• WORK TASK:
Transcribe exactly the lines below that begin at the line with "Villa Elia - Thasos Town - Piscina" and stop after the line with "लगी Odisha: संबलपुर", leaving out every picture.

• DATA:
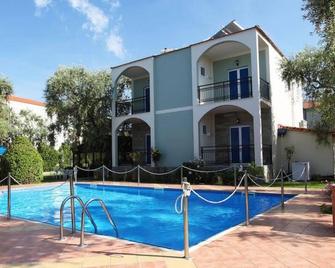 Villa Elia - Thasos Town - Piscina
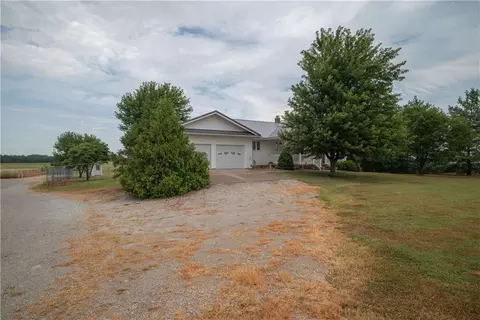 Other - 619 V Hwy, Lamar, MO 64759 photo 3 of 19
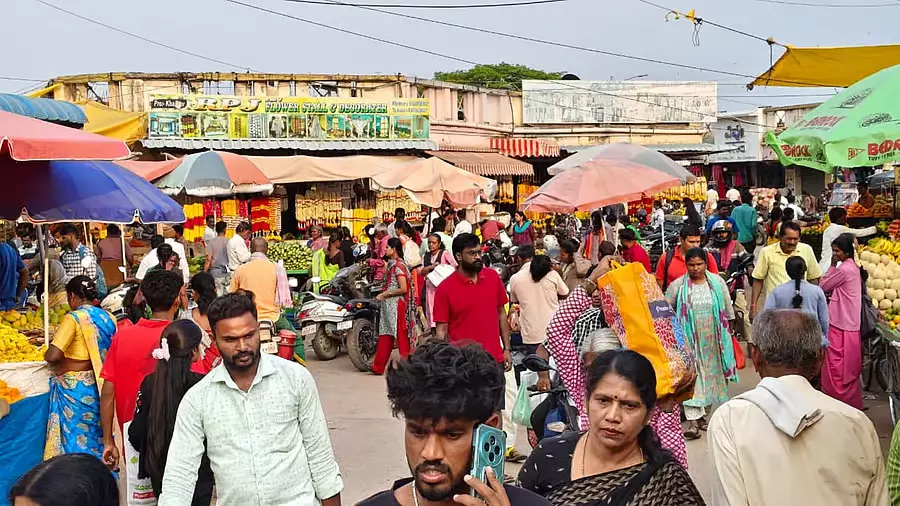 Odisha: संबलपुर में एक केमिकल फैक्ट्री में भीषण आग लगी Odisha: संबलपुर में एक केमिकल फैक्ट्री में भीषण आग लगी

* * *

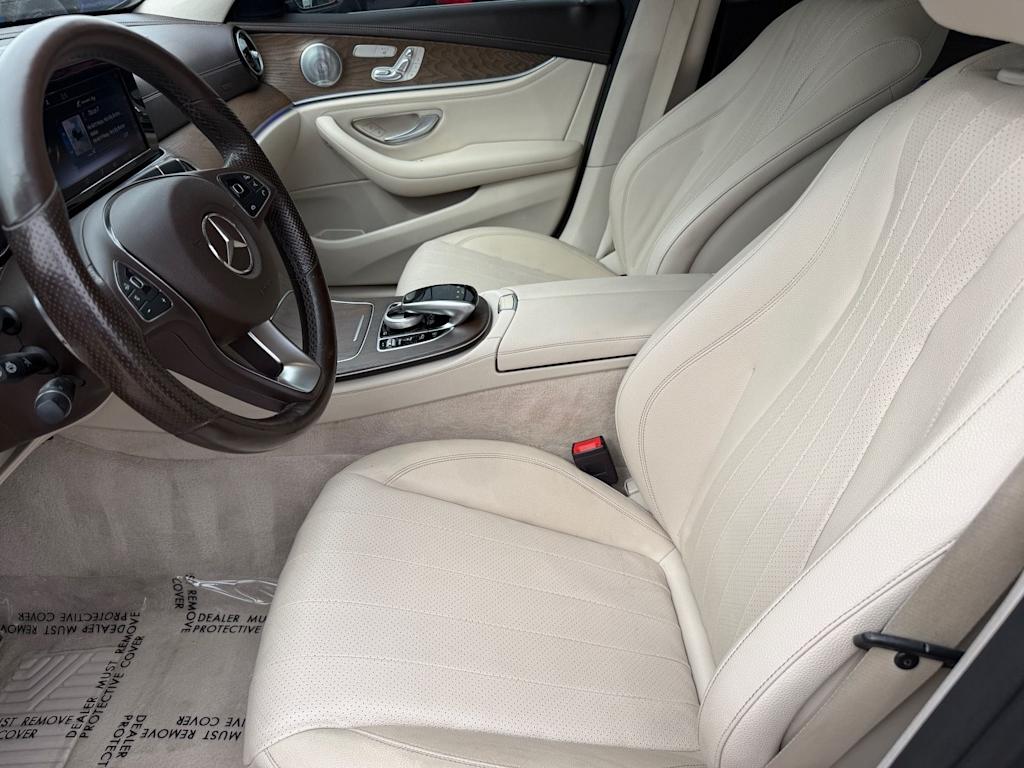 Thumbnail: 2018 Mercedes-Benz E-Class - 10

• EXERCISE OUTPUT:
 Villa Elia - Thasos Town - Piscina
 Other - 619 V Hwy, Lamar, MO 64759 photo 3 of 19
 Odisha: संबलपुर में एक केमिकल फैक्ट्री में भीषण आग लगी Odisha: संबलपुर में एक केमिकल फैक्ट्री में भीषण आग लगी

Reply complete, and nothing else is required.